Thank you so much for your help!
Hi,
Did you use the latest version from GitHub or CRAN?
I believe this is fixed on GitHub but looking back at the logs I'm not sure if @evanjflack pushed the patch to CRAN.
If it's broken on GitHub too I'll have another look.
Thanks, Ed
Hi Ed,
Yes, I used the latest version from CRAN. I think the updates were not pushed to CRAN.
I just edited the source code and used it fine, but I think it would be great to push the update.
Thanks, Elina
On Nov 9, 2020, at 3:45 PM, Ed Jee notifications@github.com wrote:
Hi,
Did you use the latest version from GitHub or CRAN?
I believe this is fixed on GitHub but looking back at the logs I'm not sure if @evanjflack https://github.com/evanjflack pushed the patch to CRAN.
If it's broken on GitHub too I'll have another look.
Thanks, Ed
— You are receiving this because you commented. Reply to this email directly, view it on GitHub https://github.com/evanjflack/bacondecomp/issues/71#issuecomment-724351339, or unsubscribe https://github.com/notifications/unsubscribe-auth/ARWHCY4Z43S4S72RMOQ5M6DSPB5KDANCNFSM4MOI37FA.
Following this thread, I got the impression that the error of "unbalanced panel" was already fixed. However, I just downloaded the package from GitHub today and I still got the same error when I tried to use it. The data I am using involves bilateral trade values of multiple countries. As such I have duplicate "country-year" combinations because I observe a country's trade with all its partners in a given year. Could that explain the error? Do you have a suggestion on how I should proceed?
Hi @PromiseKamanga, could you open a new issue and write the code you’re trying to run that fails. I’ll be happy to help
Hi @EdJeeOnGitHub can you generate the same simulated data set on STATA and post the codes here or share this data generated in R here, I just want to see whether STATA's ddtiming gives me the same diff-in-diff estimate with same DD comparisons and weights. Just curious to learn. Thanks
Hi @ridwandse,
The code here will provide the exact same dataset since the seed has been set.
Something like write.csv(df, "my-df.csv")
will save the file for loading into Stata
Thanks, @EdJeeOnGitHub, will follow up on the same.

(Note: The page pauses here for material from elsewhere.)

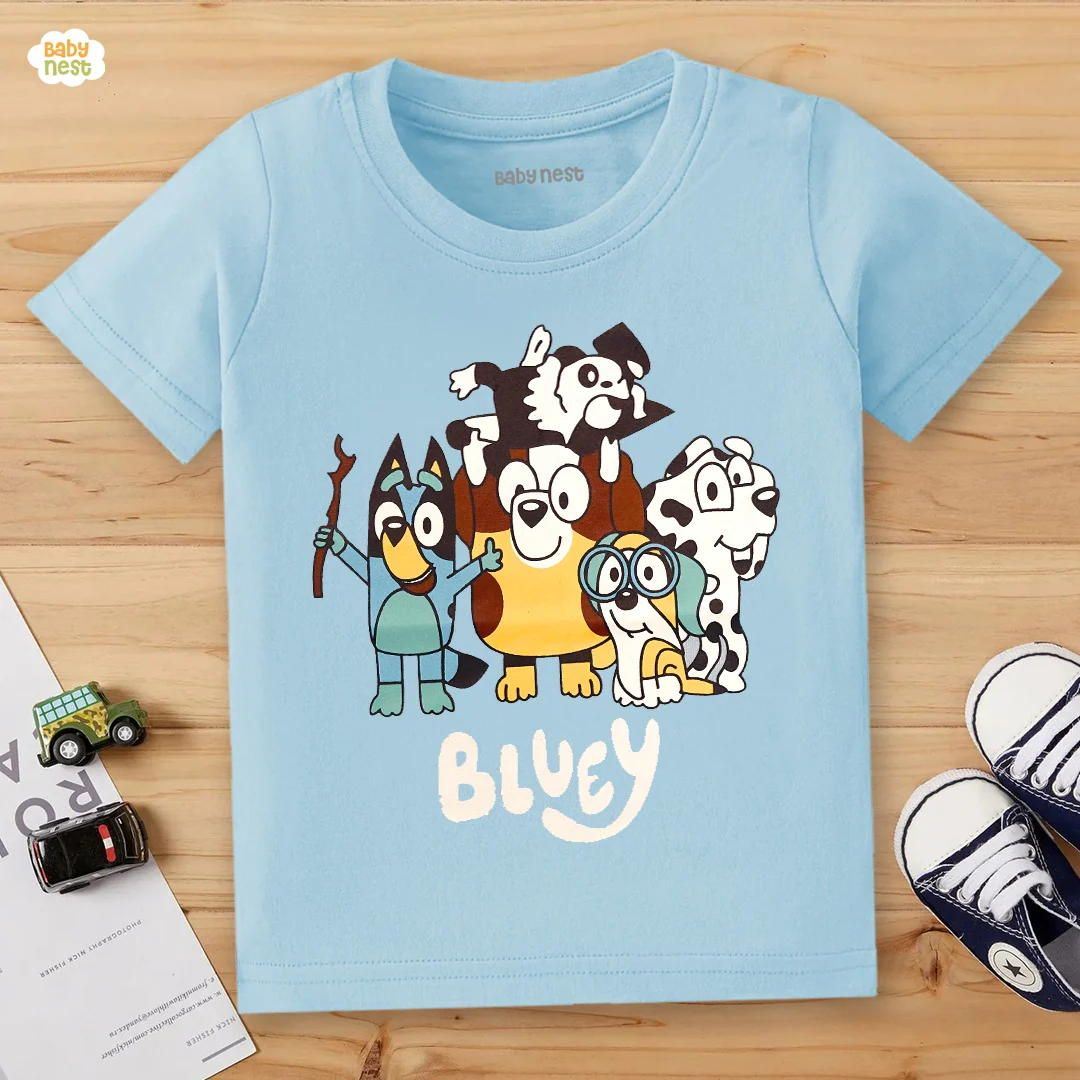 Dogs Life Half Sleeves T-Shirts For Kids - Sky Blue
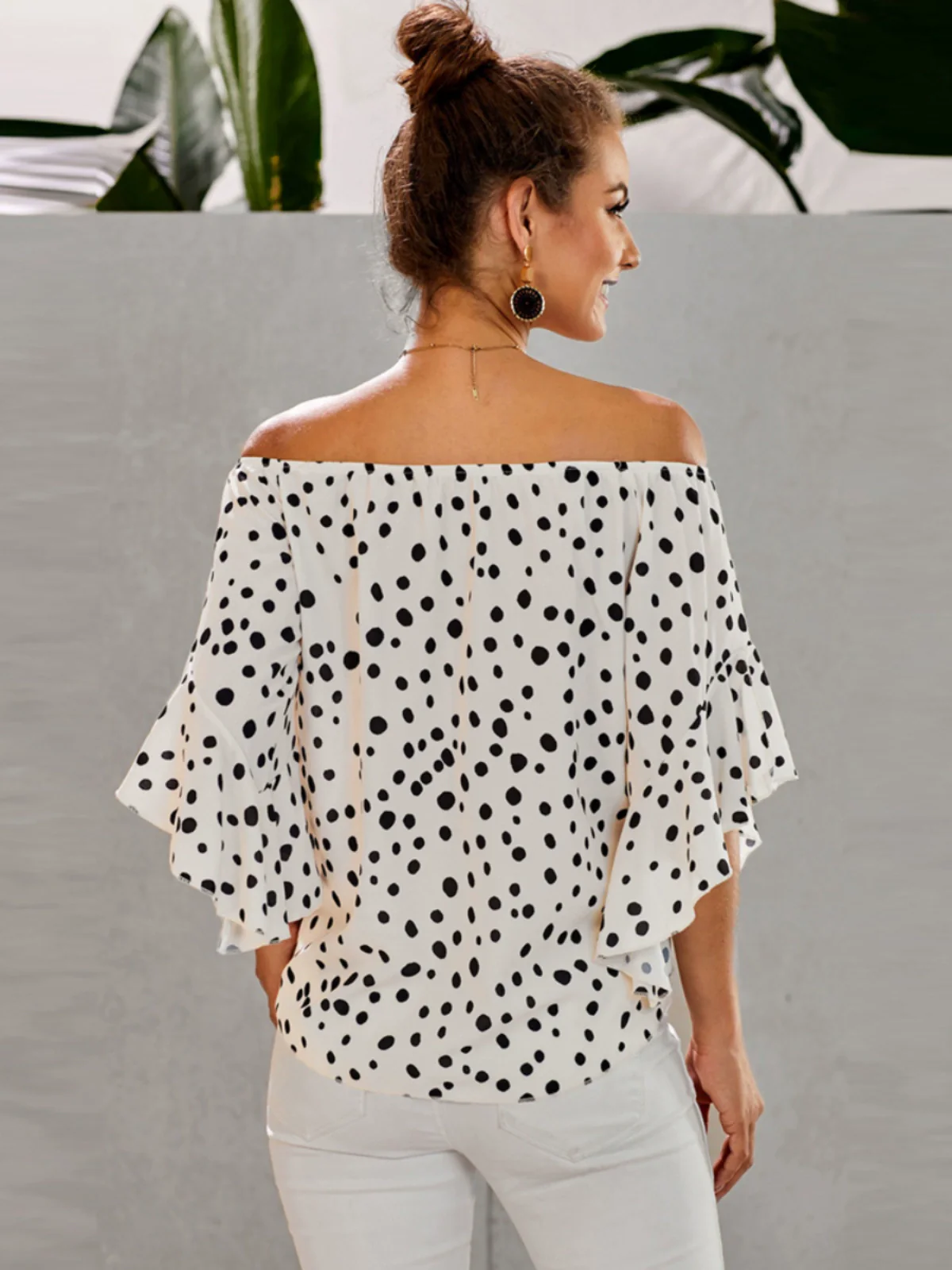 Shiying off-Shoulder Regular Sleeve Polka Dot Top T-shirt - Image 4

Actually i have unbalanced data and STATA's bacondecomp Y D, ddetail
does not work with unbalanced data, it requires data to be strongly balanced. However, another way of obtaining the bacondecomposition is to use ddtiminng i.e., ddtiming Y D, i(id) t(year)
. This works with unbalanced case. I am not sure whether to proceed with bacondecomp in balanced case or ddtiming with unbalanced data. If you have any leads on that. Please guide through.
Thanks
@ridwandse I think this is incorrect. Because something "runs" and spits out numbers does not mean it "works". The weights it reports are not correct. The bacon decomposition holds only in the strongly balanced case (it's an algebraic relationship between the TWFE OLS coefficient and a bunch of different averages).
In the unbalanced case, you can calculate the weights by hand (it's a bunch of n's basically) which is what ddtiming does. The weights do not mean anything though
Thank you @kylebutts , this was very useful. Yes you are right. I also have calculated all the DD comparison weights by hand as a combination of group size and treatment indicator (D) averages over i and t, we get the same results as using ddtiming Thanks
Hi Guys,
First - thanks a bunch for translating this package to R, I really appreciate it. I just wanted to flag a small issue I've found when using the bacon() function.
It seems that bacon() does not currently allow our groups to be different sizes. I've appended the code to generate a minimal example. In the dataset I create, we have 3 groups (id == 1, 2, 3), where id == 1 | 3 contain one individual, and id == 2 contains two individuals (ind_id is the individual id).
If I run bacon(id_var == "group_id", ...) the function will throw an error for an "Unbalanced Panel", because group 2 has twice as many time periods within it as group 1 (because there are two individuals in group 2).
But, I don't think you want to call that an error; otherwise, you cannot demonstrate 2x2 weighting heterogeneity arising from the size of the groups. And, from what I understand, this is one of the key takeaways of the Bacon decomposition: the larger groups retain higher weights in the 2x2.
Alternatively, if you do want to call that an unbalanced panel, I don't think you need the code calculating "n_k, n_u, n_ku", because n_k = n_u by definition and n_ku = 0.5.
Thanks again, Alec